Different from prior art in this field, usually implemented in Java, Rust was the language of choice to implement all the typical SMR sub-protocols present in bafomet. Many people are (rightfully so!) excited about the use of Rust in new (and even older) software, because of its safety properties associated with the many compile time checks present in the compiler, that are able to hunt down common use-after-free as well as concurrency related bugs.

There are infinitely many use cases for BFT systems, which will undoubtedly improve the availability of a digital service. However, a less robust class of systems, called CFT systems, are often utilized in place of BFT systems, based on their greater performance. Despite this, with the evolution of hardware, and especially the growing popularity of blockchain technology, BFT systems are becoming more attractive to distributed system developers.

People who are interested in the inner workings of these protocols can consult the following papers:

• Castro, Miguel, and Barbara Liskov. "Practical Byzantine fault tolerance and proactive recovery." ACM Transactions on Computer Systems (TOCS) 20.4 (2002): 398-461.
• Bessani, Alysson, Joao Sousa, and Eduardo EP Alchieri. "State machine replication for the masses with BFT-SMART." 2014 44th Annual IEEE/IFIP International Conference on Dependable Systems and Networks. IEEE, 2014.

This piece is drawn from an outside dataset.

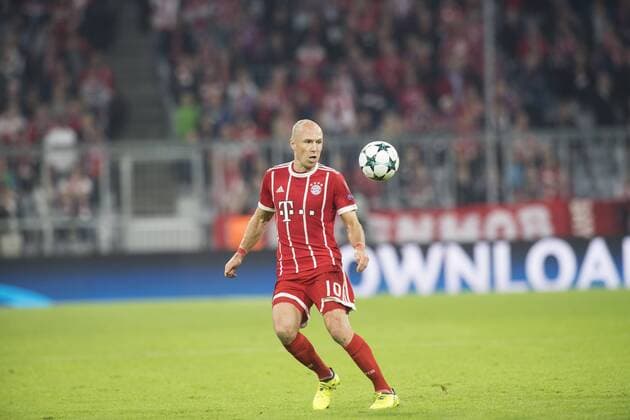 Fussball Champions League Begegnung FC Bayern Muenchen vs. Celtic Glasgow, Allianz Arena Muenchen. 18.10.2017 Im Bild: Arjen Robben Â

To read more about the architecture of bafomet, a MsC thesis describing it in detail is available upon request. Please contact t1ag0_ at outlook.com if you want a copy.

How to use this library?

Generally, to use this library, you will need to implement the following trait:

pub trait Service {
    /// The data types used by the application and the SMR protocol.
    ///
    /// This includes their respective serialization routines.
    type Data: SharedData;

    /// Returns the initial state of the application.
    fn initial_state(&mut self) -> Result<State<Self>>;

    /// Process a user request, producing a matching reply,
    /// meanwhile updating the application state.
    fn update(
        &mut self,
        state: &mut State<Self>,
        request: Request<Self>,
    ) -> Reply<Self>;
}

You may want to check out client-local.rs and replica-local.rs for examples of how to write services utilizing bafomet. Run them with:

# Start the service replicas in a terminal window
$ cargo run --release --example replica-local

# In another terminal window, start the client(s)
$ cargo run --release --example client-local

For contributors

The code is organized as follows:

• src/bft/core/client is the main entry point for a client.
• src/bft/core/server is the main entry point for a replica.
• src/bft/consensus implements the normal phase consensus code.
• src/bft/consensus/log implements the message log.
• src/bft/sync implements the view change code.
• src/bft/cst implements the state transfer code.
• src/bft/communication and its sub-modules implement the network code.
• src/bft/executable implements the thread responsible for running the user's application code.
• src/bft/ordering defines code for sequence numbers resistant to overflows.

Other modules should be somewhat self explanatory, especially if you read the documentation generated with cargo doc --features expose_impl for bafomet.

Licensing

Choose the MIT or Apache license at your option!